(SUPPLIED DATA Opens)
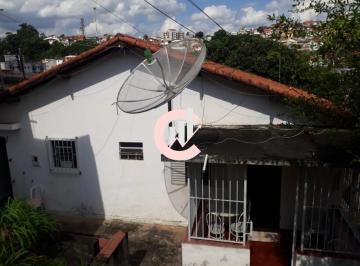 2022/03/c5ed98fbaf9883365d14ff0bba426149.jpg · Casa Venda - 2 Quartos, Porta Do Céu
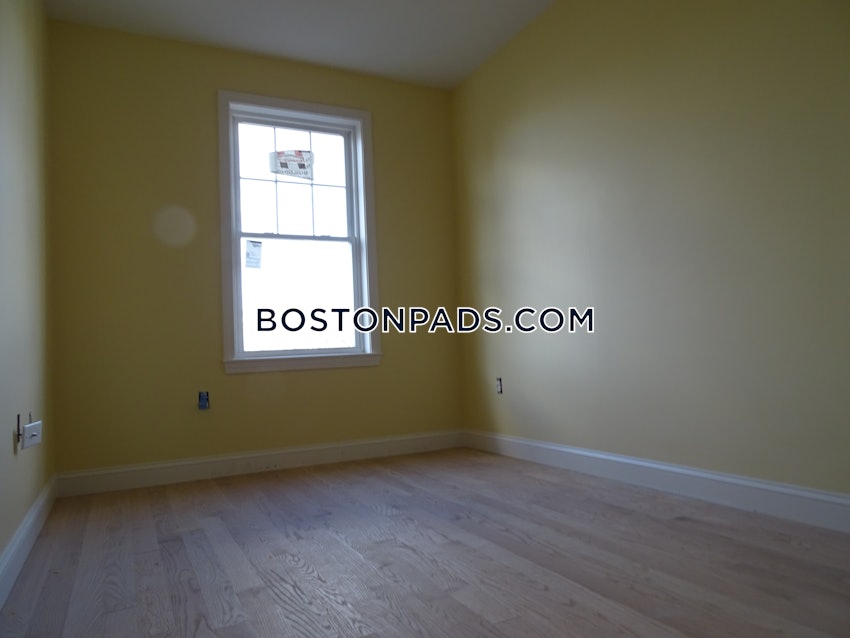 BOSTON - EAST BOSTON - MAVERICK - 3 Beds, 1 Bath - Image 22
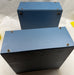 Avtron Sheet Speed And Footage Counter Enclosures No Instruments Just Enclosures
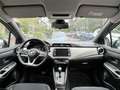 Nissan Micra 1.0 IG-T Acenta Grau - thumbnail 10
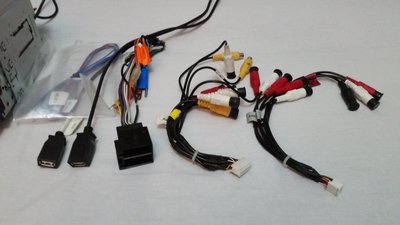 20150603_225511.jpg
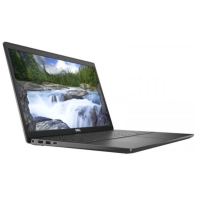 купить Ноутбук Dell Latitude 3520 N026L352015EMEA в Алматы фото 2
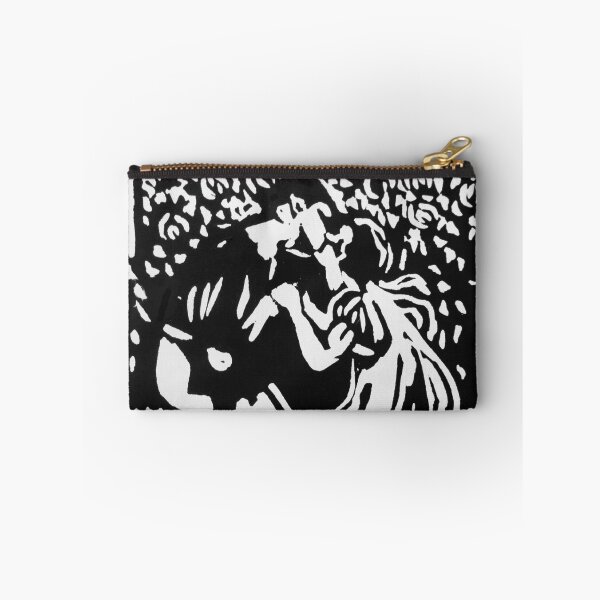 Item preview, The ENDEARMENT designed and sold by adamkissel.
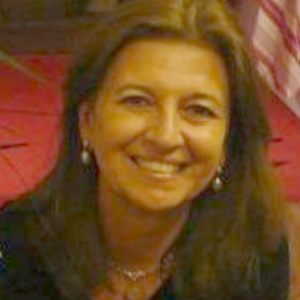 Laurence - Prof d'aide aux devoirs - Marly-le-Roi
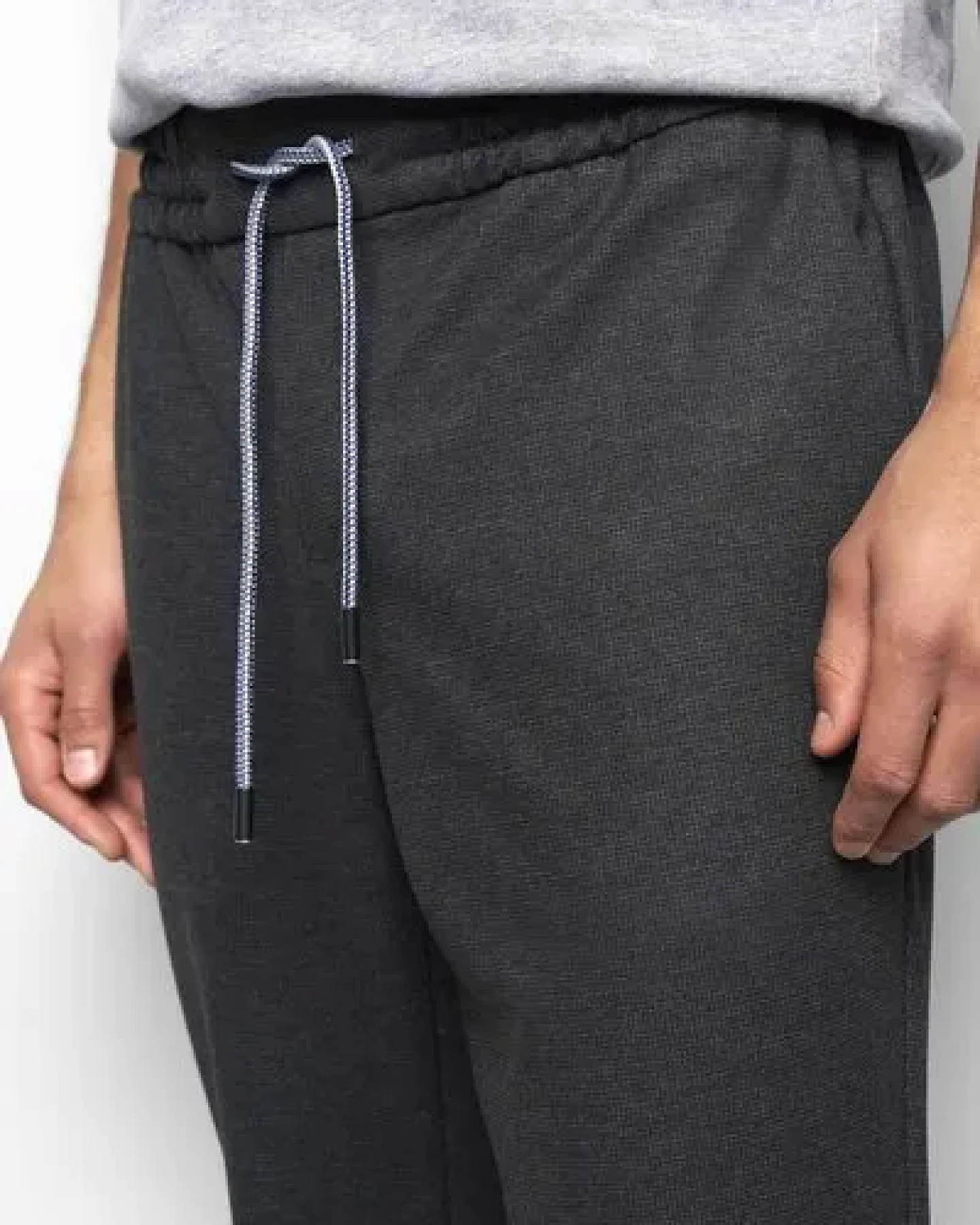 M 5 BY MEYER Loose Jogger – Ansicht 4
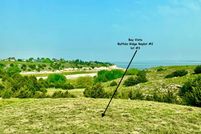 Farm and Ranch for sale in Keith County, Nebraska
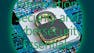 Information Security and Cybersecurity Essentials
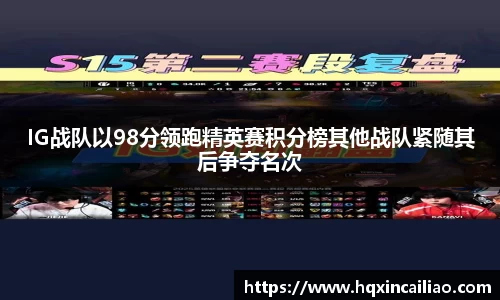 博鱼.boyu体育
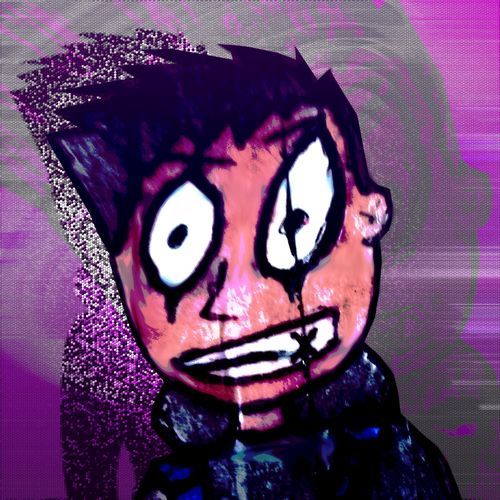 Back Up (Cartoon Sessions Beats #13)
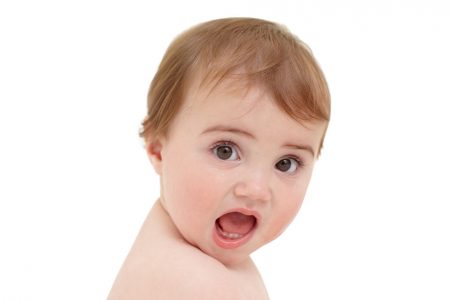 CPT® 2027 Maternity Care Codes Spark Debate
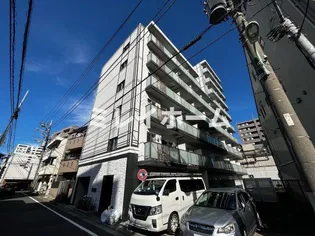 RIVIEREの画像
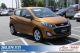 Used 2019 Chevrolet Spark LS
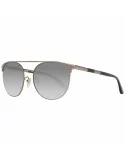 Damensonnenbrille Carolina Herrera SHN051M540640 ø 54 mm | Tienda24 Tienda24.eu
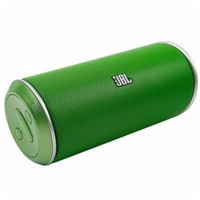 JBL Flip 音樂萬花筒 無線藍牙小音箱 低音炮 內(nèi)置麥克風 可通話 便攜迷你音響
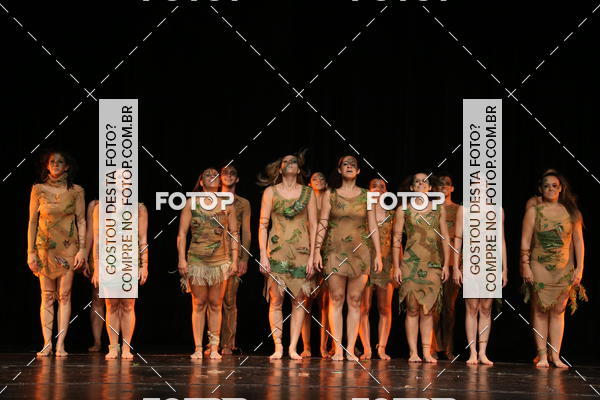 Buy your photos of the eventI UBATUBA  DANCE FESTIVAL (SBADO) on Fotop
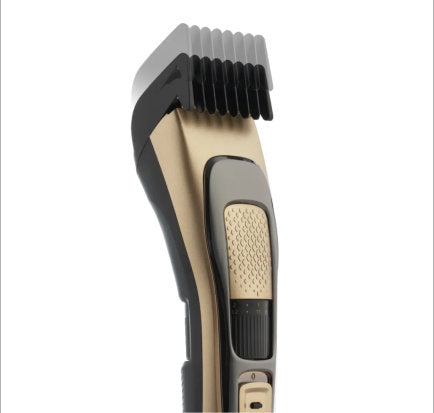 SENCOR SHP 5207CH HAIR CLIPPER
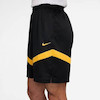 Nike nba short dv9525-017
(SUPPLIED DATA Closes)
◆ REQUIRED ACTION:
In the copy, include all records verbatim but no images.

◆ ANSWER:
 2022/03/c5ed98fbaf9883365d14ff0bba426149.jpg · Casa Venda - 2 Quartos, Porta Do Céu
 BOSTON - EAST BOSTON - MAVERICK - 3 Beds, 1 Bath - Image 22
 Avtron Sheet Speed And Footage Counter Enclosures No Instruments Just Enclosures
 Nissan Micra 1.0 IG-T Acenta Grau - thumbnail 10
 20150603_225511.jpg
 купить Ноутбук Dell Latitude 3520 N026L352015EMEA в Алматы фото 2
 Item preview, The ENDEARMENT designed and sold by adamkissel.
 Laurence - Prof d'aide aux devoirs - Marly-le-Roi
 M 5 BY MEYER Loose Jogger – Ansicht 4
 Farm and Ranch for sale in Keith County, Nebraska
 Information Security and Cybersecurity Essentials
 博鱼.boyu体育
 Back Up (Cartoon Sessions Beats #13)
 CPT® 2027 Maternity Care Codes Spark Debate
 RIVIEREの画像
 Used 2019 Chevrolet Spark LS
 Damensonnenbrille Carolina Herrera SHN051M540640 ø 54 mm | Tienda24 Tienda24.eu
 JBL Flip 音樂萬花筒 無線藍牙小音箱 低音炮 內(nèi)置麥克風 可通話 便攜迷你音響
 Buy your photos of the eventI UBATUBA  DANCE FESTIVAL (SBADO) on Fotop
 SENCOR SHP 5207CH HAIR CLIPPER
 Nike nba short dv9525-017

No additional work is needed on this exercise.